→ Problem description: Line for line, return the data exactly, omitting all pictures.

→ Listed records:
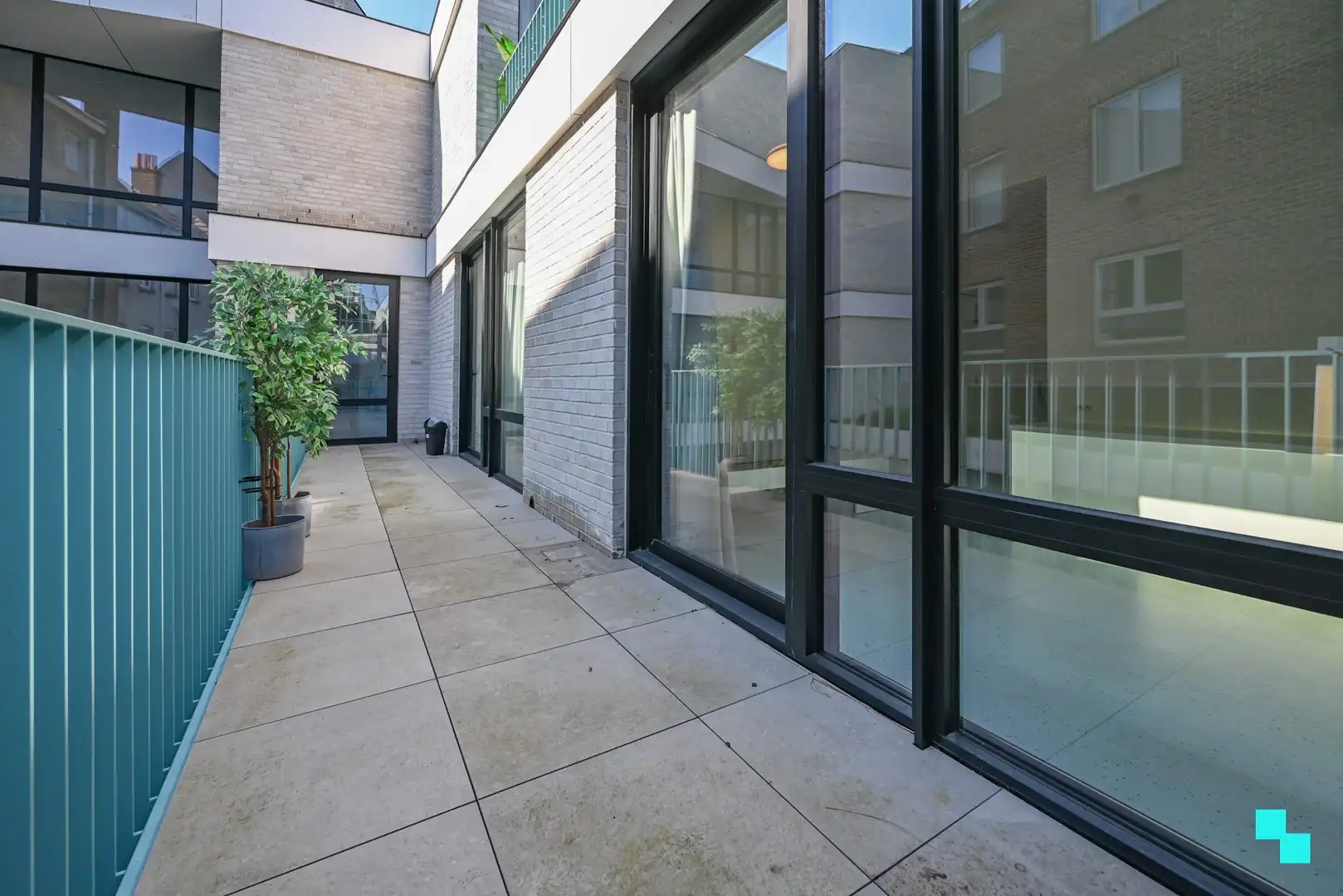 Studentenkamer met eigen badkamer en terras, centrum Kortrijk foto 11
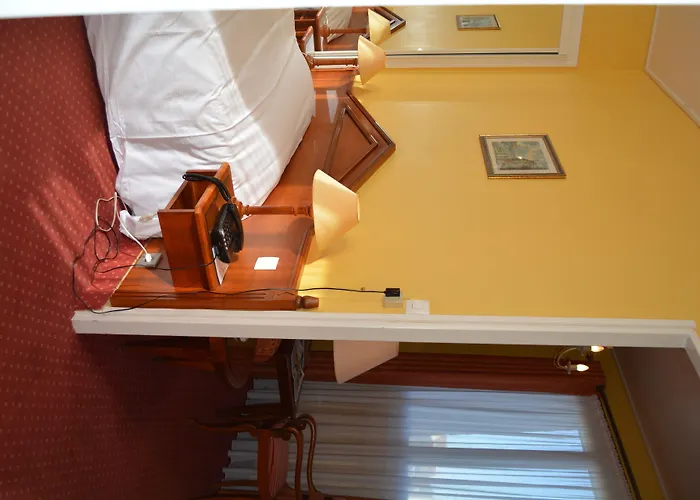 Marie Anne Deauville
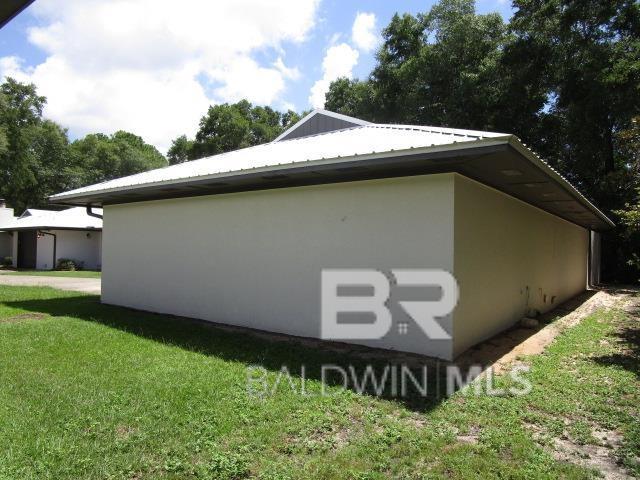 Image 3: Side Of Structure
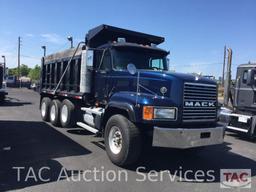 2000 Mack CL713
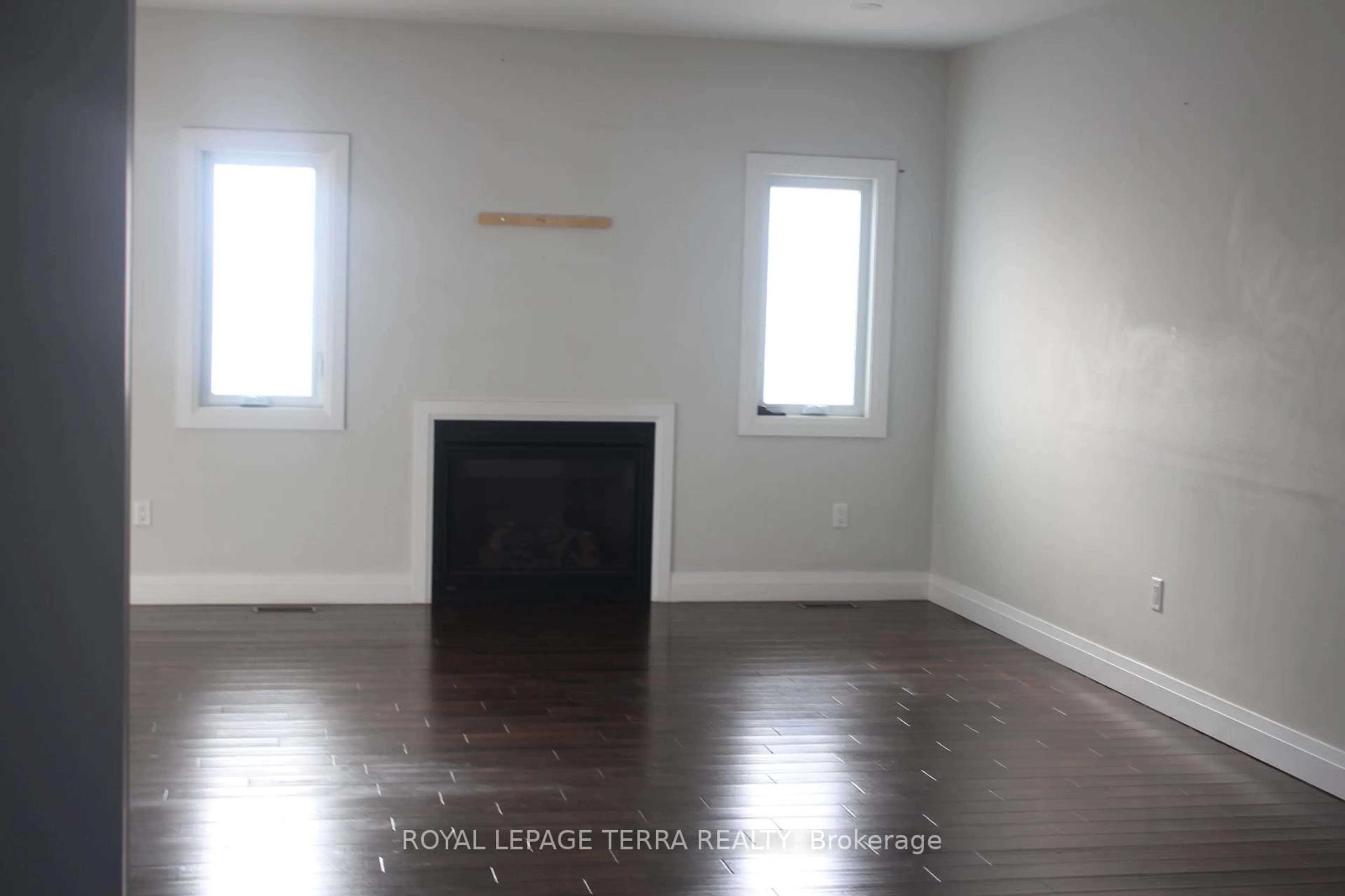 A pic of a room for 30 BELLEHUMEUR Rd, Tiny Ontario L9M 0J1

→ Task output:
 Studentenkamer met eigen badkamer en terras, centrum Kortrijk foto 11
 Marie Anne Deauville
 Image 3: Side Of Structure
 2000 Mack CL713
 A pic of a room for 30 BELLEHUMEUR Rd, Tiny Ontario L9M 0J1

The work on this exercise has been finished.